MySQL setup and tutorial

let's get some data and start playing with it!

first, we'll play with some tennis data from here.

mkdir tennis
cd tennis
mkdir data
cd data
wget http://archive.ics.uci.edu/ml/machine-learning-databases/00300/Tennis-Major-Tournaments-Match-Statistics.zip

To unzip it, sudo apt-get install unzip, then unzip Tennis-Major-Tournaments-Match-Statistics.zip

Data: acquired.

Before we get into the sql client, open up the files and poke around.

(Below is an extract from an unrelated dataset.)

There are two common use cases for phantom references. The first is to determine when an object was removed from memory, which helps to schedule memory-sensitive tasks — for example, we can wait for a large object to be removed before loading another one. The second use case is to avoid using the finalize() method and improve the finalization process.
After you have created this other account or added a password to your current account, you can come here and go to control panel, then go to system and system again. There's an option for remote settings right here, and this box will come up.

Getting the data into mysql database

Your mysql server should still be running (it automatically started itself when you installed it), so type the following at the command line to join back in:

mysql --local-infile=1 -u root -p

(and then hit enter) (and then enter your mysql root password).

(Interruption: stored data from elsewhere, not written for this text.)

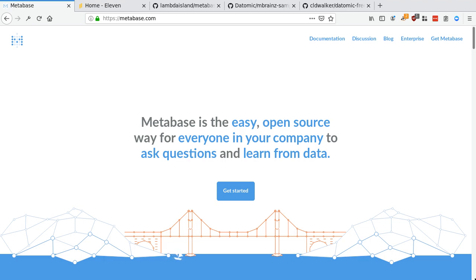Hi, everyone. This is Arne from Lambda Island, and I wanted to do this quick demo to show you all the awesomeness of MetaBase and how you can use it with Datomic.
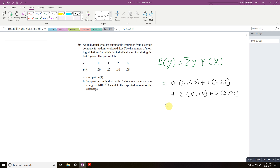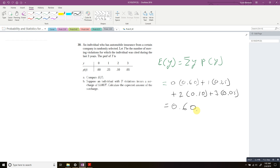When I do all that math, I get 0.60. So my expected value — my mean — is 0.60.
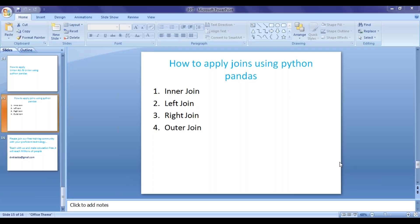Hi guys, welcome back. In this video, we will see how to apply joins by using Python Pandas.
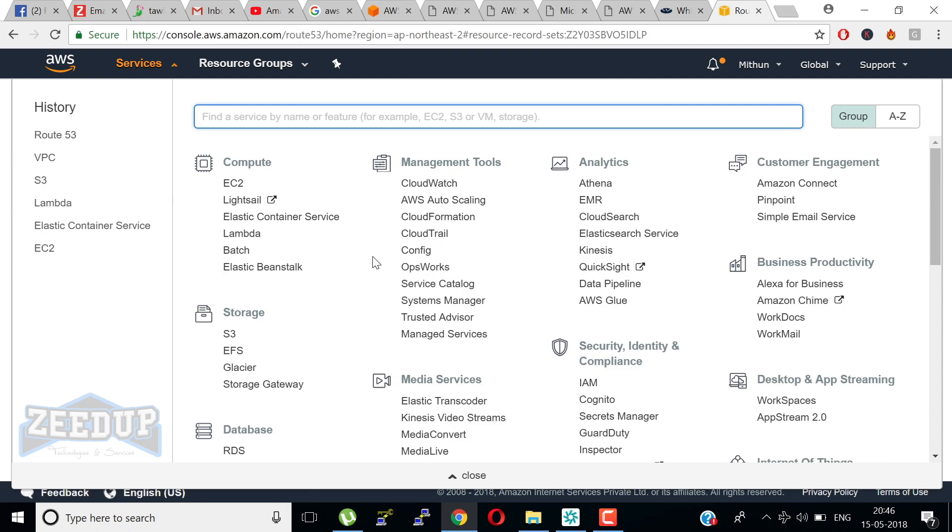We have a few more services that are important services that you must know to get past the AWS Certified Solutions Architect Associate exam. I hope you enjoyed the session.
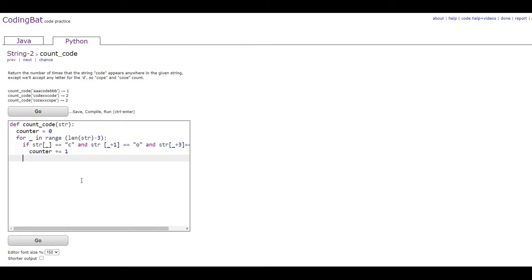After this, we go out of the for loop and the if, and return counter.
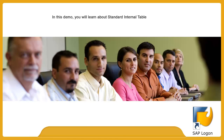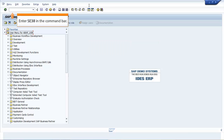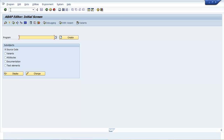In this demo, you will learn about standard internal table, analyzed in the program ZDEMO_INTERNAL_TABLE. In the SAP Easy Access screen, enter SE38 in the command bar. Press Enter. The ABAP Editor initial screen window opens.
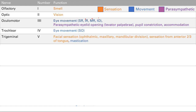Cranial nerve 5 is the trigeminal nerve, responsible for facial sensation. It has three divisions: V1, V2, and V3. V1 is above the eye, V2 is the maxillary area, and V3 is the mandibular and lower jaw area. It also carries sensation from the anterior two-thirds of the tongue, and provides motor innervation for chewing — mastication.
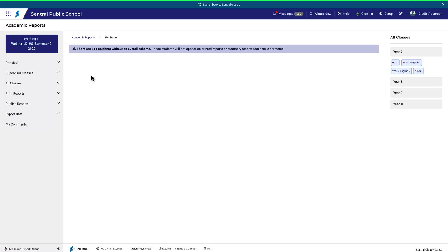Entering grades for classes will vary slightly depending on how you've configured reports, and primary will look a bit different to high school. These steps here should be fairly common across most situations.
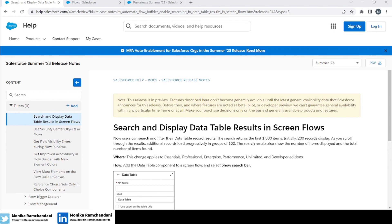Hi everyone, I hope you're all doing great. In today's video we'll learn about a really new feature that Salesforce has given us in the Summer '23 release — now we can search and display data in data table results in screen flows. Before the Summer '23 release, we had a data table feature to show data to users or let them select single or multiple rows, but now Salesforce has given us a search bar so users can search the data they want to select or see.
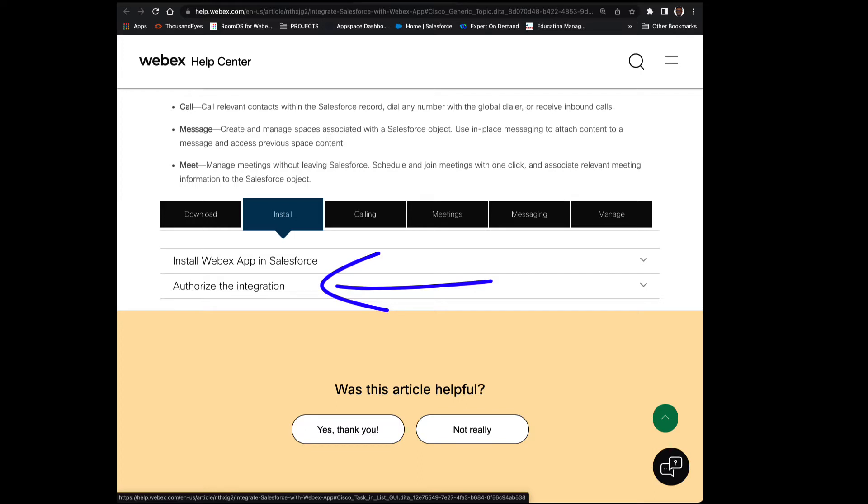Just a few tips for those joining only for this section. Please go ahead and clear your cache. And I think it goes without saying, but please make sure that you have access to your Salesforce environment.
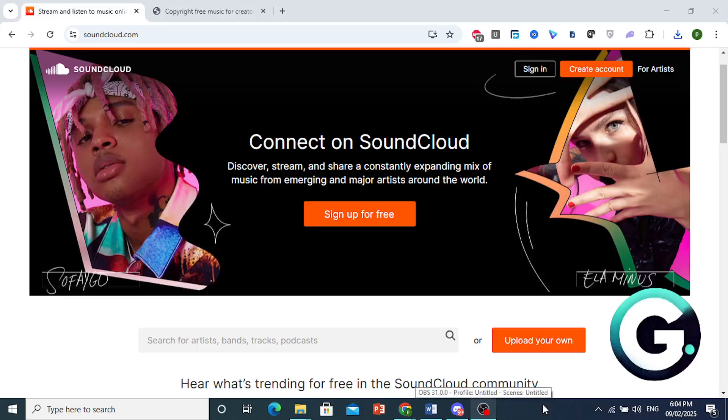In this video, I'll show you how you can upload music to SoundCloud on the computer.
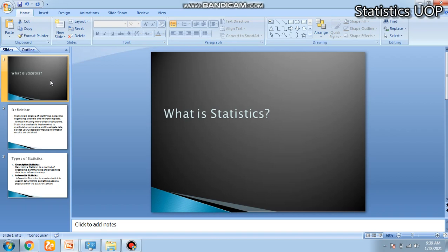Assalamualaikum students. In today's video, I will tell you the basic concept of statistics and types of statistics.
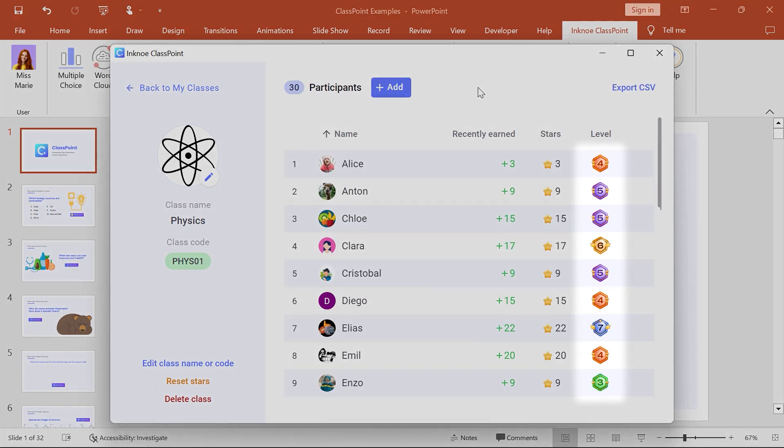It will not affect any stars already earned, but it will adjust your participants' current levels.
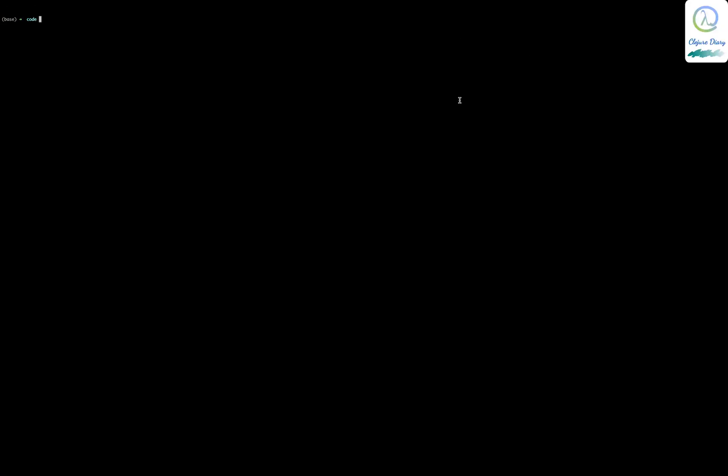Hello, welcome to Clojure Daddy. Today I just want to start a project with Leiningen and see how it goes. To do that, I'll type 'lein new' — that means Leiningen new. You need to give a template for this app, so the template name is 'app', and I'll name the project 'gutenberg'. It just says: generate a project called gutenberg.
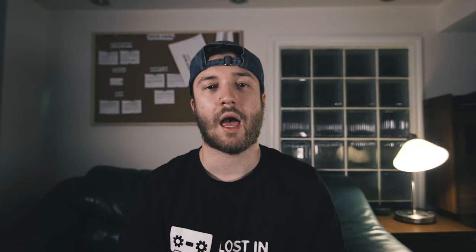In this video I'll give you examples of call sheets that we use on our music video and commercial productions. By the end of this video you will have all the tools and information you need to create your own call sheet.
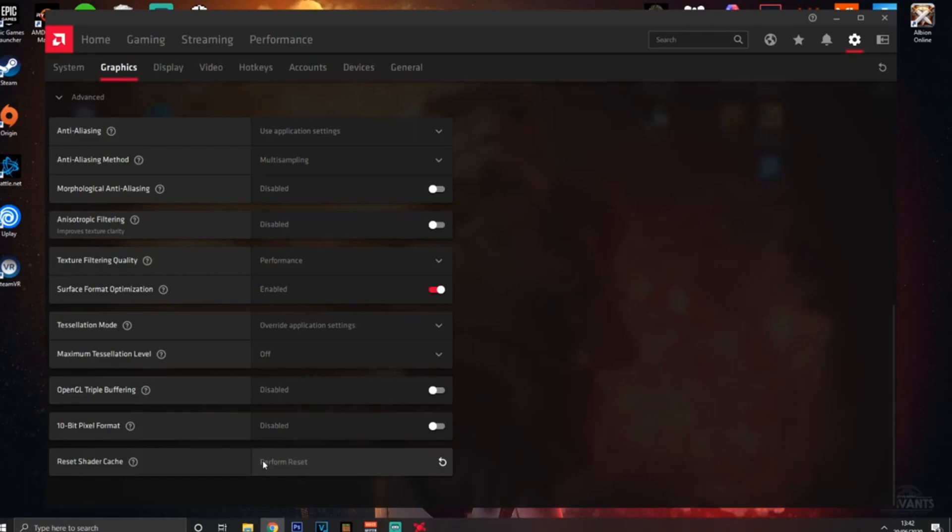However, for games that you don't play anymore, you may want to reset the Shader Cache so that it has less stuff going on and will increase performance. I recommend doing this maybe once a month or so.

You only need to use the --local-infile=1 flag if you are going to put data into the database using a local file, (like we are about to do).

Now that we are in the mysql client, we can see what databases exist SHOW DATABASES; -- at this point there should not be anything interesting.

We create our database with CREATE DATABASE tennis; -- if we use SHOW TABLES;, we see there are not yet any tables in the database. So let's create one.

creating a mysql database.

Step 1: preparing the columns

CREATE TABLE  aus_ladies_2013(
      player1 VARCHAR(255),
      player2 VARCHAR(255),
      round INT,
      result INT,
      fnl1 DOUBLE,
      fnl2 DOUBLE,
      fsp_1 DOUBLE,
      fsw_1 DOUBLE,
      ssp_1 DOUBLE,
      ssw_1 DOUBLE,
      ace_1 INT,
      dbf_1 INT,
      wnr_1 INT,
      ufe_1 INT,
      bpc_1 INT,
      bpw_1 INT,
      npa_1 INT,
      npw_1 INT,
      tpw_1 INT,
      st1_1 INT,
      st2_1 INT,
      st3_1 INT,
      st4_1 INT,
      st5_1 INT,
      fsp_2 DOUBLE,
      fsw_2 DOUBLE,
      ssp_2 DOUBLE,
      ssw_2 DOUBLE,
      ace_2 INT,
      dbf_2 INT,
      wnr_2 INT,
      ufe_2 INT,
      bpc_2 INT,
      bpw_2 INT,
      npa_2 INT,
      npw_2 INT,
      tpw_2 INT,
      st1_2 INT,
      st2_2 INT,
      st3_2 INT,
      st4_2 INT,
      st5_2 INT);

Step 2: filling the table with data (back to mysql)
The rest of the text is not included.